Effect of spin on the instability of THz plasma waves in field-effect transistors under non-ideal boundary conditions

Terahertz (THz) radiation can be generated due to the instability of THz plasma waves in field-effect transistors (FETs). In this work, we discuss the instability of THz plasma waves in the channel of FETs with spin and quantum effects under non-ideal boundary conditions. We obtain a linear dispersion relation by using the hydrodynamic equation, Maxwell equation and spin equation. The influence of source capacitance, drain capacitance, spin effects, quantum effects and channel width on the instability of THz plasma waves under the non-ideal boundary conditions is investigated in great detail.
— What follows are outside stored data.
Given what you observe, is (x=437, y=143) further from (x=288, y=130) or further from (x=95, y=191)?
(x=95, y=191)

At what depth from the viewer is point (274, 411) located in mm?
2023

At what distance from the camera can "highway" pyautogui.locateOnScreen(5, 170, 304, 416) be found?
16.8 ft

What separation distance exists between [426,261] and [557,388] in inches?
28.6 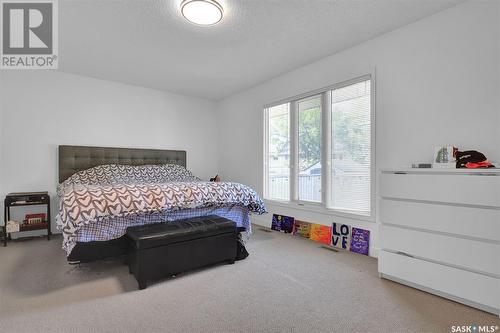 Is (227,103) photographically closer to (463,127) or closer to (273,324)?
(463,127)

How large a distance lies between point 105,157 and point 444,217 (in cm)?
441

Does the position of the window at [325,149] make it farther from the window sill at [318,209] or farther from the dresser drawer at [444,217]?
the dresser drawer at [444,217]

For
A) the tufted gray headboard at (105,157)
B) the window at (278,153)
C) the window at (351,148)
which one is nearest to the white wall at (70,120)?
the tufted gray headboard at (105,157)

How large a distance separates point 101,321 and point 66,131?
3.27 meters

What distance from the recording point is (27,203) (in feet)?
10.9

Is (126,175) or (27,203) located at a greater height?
(126,175)

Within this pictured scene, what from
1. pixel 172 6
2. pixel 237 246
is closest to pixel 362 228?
pixel 237 246

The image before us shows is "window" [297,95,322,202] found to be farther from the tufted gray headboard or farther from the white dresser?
the tufted gray headboard

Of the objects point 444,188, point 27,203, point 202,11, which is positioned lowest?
point 27,203

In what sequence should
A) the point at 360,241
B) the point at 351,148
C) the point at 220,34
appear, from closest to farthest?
the point at 220,34 → the point at 360,241 → the point at 351,148

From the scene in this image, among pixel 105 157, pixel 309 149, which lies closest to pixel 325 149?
pixel 309 149

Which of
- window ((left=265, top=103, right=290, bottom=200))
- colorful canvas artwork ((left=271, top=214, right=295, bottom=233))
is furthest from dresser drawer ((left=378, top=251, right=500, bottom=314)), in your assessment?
window ((left=265, top=103, right=290, bottom=200))

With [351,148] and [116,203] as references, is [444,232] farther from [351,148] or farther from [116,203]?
[116,203]

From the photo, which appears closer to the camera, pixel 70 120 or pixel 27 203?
pixel 27 203
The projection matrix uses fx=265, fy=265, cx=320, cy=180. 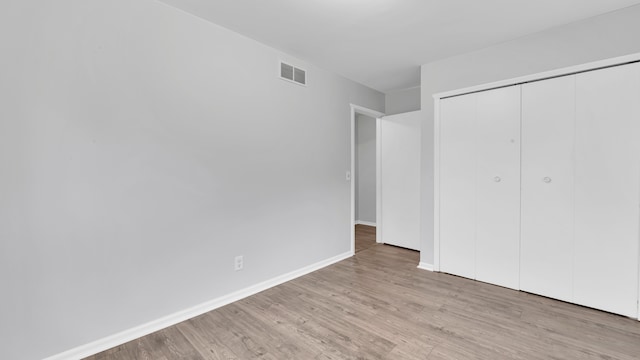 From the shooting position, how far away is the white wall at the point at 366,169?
19.2 ft

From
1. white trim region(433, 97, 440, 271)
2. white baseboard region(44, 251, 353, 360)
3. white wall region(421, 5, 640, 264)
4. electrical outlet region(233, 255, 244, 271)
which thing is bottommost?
white baseboard region(44, 251, 353, 360)

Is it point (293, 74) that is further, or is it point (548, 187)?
point (293, 74)

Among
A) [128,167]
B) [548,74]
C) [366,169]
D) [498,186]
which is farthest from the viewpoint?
[366,169]

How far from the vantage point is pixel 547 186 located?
2475 mm

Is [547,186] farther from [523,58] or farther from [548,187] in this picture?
[523,58]

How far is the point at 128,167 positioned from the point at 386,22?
2.34 m

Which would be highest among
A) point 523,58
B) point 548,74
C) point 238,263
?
point 523,58

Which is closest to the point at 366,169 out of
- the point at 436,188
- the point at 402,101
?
the point at 402,101

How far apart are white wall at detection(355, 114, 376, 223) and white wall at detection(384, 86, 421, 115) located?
1425mm

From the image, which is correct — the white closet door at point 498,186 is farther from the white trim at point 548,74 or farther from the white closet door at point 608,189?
the white closet door at point 608,189

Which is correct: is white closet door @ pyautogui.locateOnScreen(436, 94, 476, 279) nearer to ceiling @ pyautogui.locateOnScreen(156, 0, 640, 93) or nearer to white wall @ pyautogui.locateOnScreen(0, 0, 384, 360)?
ceiling @ pyautogui.locateOnScreen(156, 0, 640, 93)

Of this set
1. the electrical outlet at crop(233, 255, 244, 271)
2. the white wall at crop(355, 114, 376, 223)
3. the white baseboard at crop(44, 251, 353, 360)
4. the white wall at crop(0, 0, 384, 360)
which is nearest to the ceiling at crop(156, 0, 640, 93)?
the white wall at crop(0, 0, 384, 360)

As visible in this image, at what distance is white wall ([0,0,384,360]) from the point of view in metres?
1.53

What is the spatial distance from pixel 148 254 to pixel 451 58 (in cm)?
351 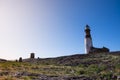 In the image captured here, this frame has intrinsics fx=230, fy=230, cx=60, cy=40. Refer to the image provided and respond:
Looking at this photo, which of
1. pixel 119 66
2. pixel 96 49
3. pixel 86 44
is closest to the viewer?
pixel 119 66

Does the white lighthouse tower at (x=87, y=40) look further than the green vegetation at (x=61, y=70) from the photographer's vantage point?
Yes

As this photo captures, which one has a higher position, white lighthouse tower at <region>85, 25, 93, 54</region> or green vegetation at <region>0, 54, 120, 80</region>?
white lighthouse tower at <region>85, 25, 93, 54</region>

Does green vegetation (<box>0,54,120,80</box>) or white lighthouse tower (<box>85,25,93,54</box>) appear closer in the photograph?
green vegetation (<box>0,54,120,80</box>)

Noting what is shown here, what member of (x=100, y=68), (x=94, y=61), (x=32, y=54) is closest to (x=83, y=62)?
(x=94, y=61)

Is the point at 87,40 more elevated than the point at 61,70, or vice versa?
the point at 87,40

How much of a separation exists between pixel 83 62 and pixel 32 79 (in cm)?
1341

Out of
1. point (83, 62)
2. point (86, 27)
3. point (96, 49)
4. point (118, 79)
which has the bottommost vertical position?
point (118, 79)

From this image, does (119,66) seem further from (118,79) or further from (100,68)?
(118,79)

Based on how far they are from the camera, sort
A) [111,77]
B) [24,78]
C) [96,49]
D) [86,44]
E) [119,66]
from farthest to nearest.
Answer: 1. [86,44]
2. [96,49]
3. [119,66]
4. [111,77]
5. [24,78]

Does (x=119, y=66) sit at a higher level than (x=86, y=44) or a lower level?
lower

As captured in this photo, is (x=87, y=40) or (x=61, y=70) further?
(x=87, y=40)

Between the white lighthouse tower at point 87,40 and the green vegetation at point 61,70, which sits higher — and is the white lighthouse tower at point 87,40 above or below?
above

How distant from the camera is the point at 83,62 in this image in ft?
102

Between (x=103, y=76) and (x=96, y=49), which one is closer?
(x=103, y=76)
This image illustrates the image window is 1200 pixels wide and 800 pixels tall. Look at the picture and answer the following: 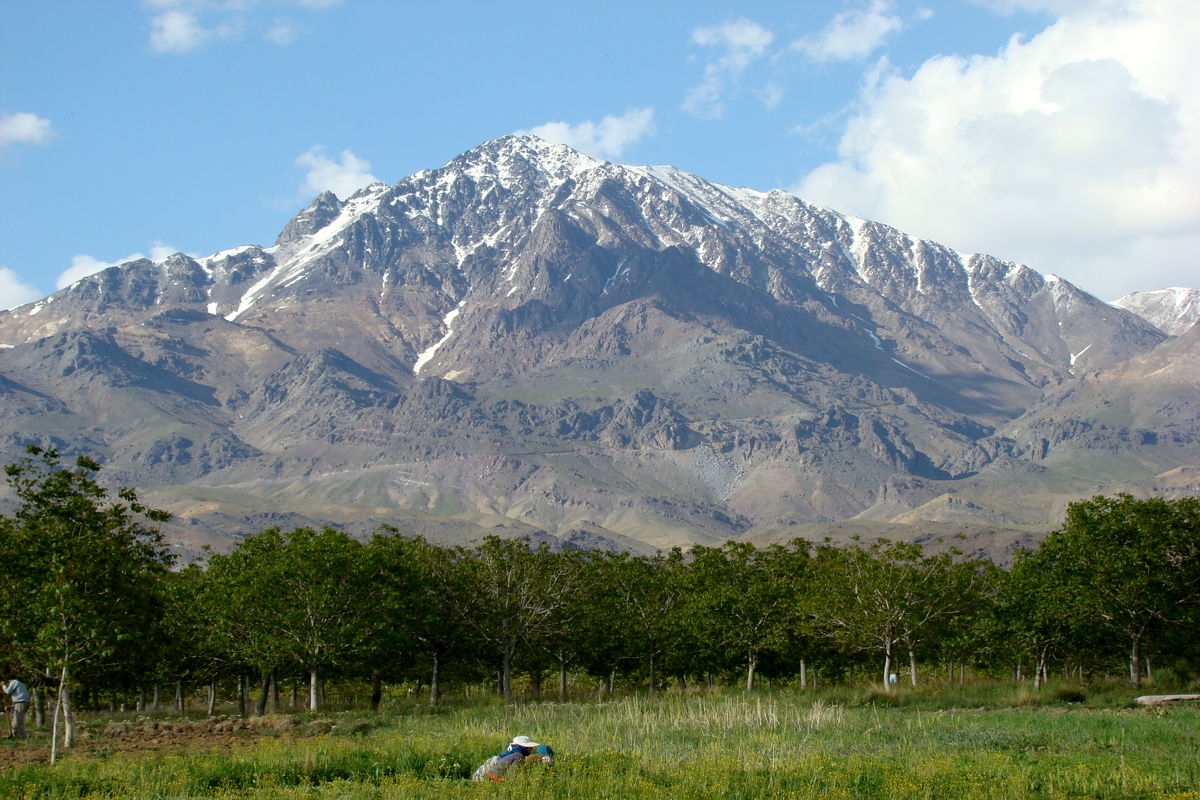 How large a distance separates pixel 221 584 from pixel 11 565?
21.4 meters

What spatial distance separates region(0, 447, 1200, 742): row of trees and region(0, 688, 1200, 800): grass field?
7642 millimetres

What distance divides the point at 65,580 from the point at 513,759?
18.3m

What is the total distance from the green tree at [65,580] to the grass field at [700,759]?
11.8 feet

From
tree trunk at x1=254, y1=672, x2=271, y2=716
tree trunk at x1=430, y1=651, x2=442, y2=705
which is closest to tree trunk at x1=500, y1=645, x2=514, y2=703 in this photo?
tree trunk at x1=430, y1=651, x2=442, y2=705

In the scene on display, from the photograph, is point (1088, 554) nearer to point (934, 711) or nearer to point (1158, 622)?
point (1158, 622)

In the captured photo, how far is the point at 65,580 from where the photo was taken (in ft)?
132

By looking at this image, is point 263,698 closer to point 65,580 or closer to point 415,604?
point 415,604

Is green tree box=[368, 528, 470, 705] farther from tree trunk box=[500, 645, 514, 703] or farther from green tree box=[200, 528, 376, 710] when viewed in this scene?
tree trunk box=[500, 645, 514, 703]

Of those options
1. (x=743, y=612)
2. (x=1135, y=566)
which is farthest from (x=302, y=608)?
(x=1135, y=566)

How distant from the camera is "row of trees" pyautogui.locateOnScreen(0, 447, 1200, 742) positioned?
44125 mm

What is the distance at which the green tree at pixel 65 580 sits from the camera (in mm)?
39447

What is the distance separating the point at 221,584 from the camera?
6612 centimetres

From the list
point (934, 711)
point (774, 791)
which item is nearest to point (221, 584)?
point (934, 711)

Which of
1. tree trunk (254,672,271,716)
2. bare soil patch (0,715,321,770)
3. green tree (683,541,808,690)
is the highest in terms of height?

The results of numerical simulation show that the THz plasma wave is unstable when the drain capacitance is smaller than the source capacitance; the oscillation frequency with asymmetric boundary conditions is smaller than that under non-ideal boundary conditions; the instability gain of THz plasma waves becomes lower under non-ideal boundary conditions. This finding provides a new idea for finding efficient THz radiation sources and opens up a new mechanism for the development of THz technology.

Automated summary

This work discusses the instability of THz plasma waves in field-effect transistors (FETs) with spin and quantum effects under non-ideal boundary conditions. The influence of various factors on the instability of THz plasma waves is investigated, and numerical simulations show that the instability is influenced by the drain capacitance, source capacitance, spin effects, quantum effects, and channel width. This finding provides new insights for efficient THz radiation sources and the development of THz technology.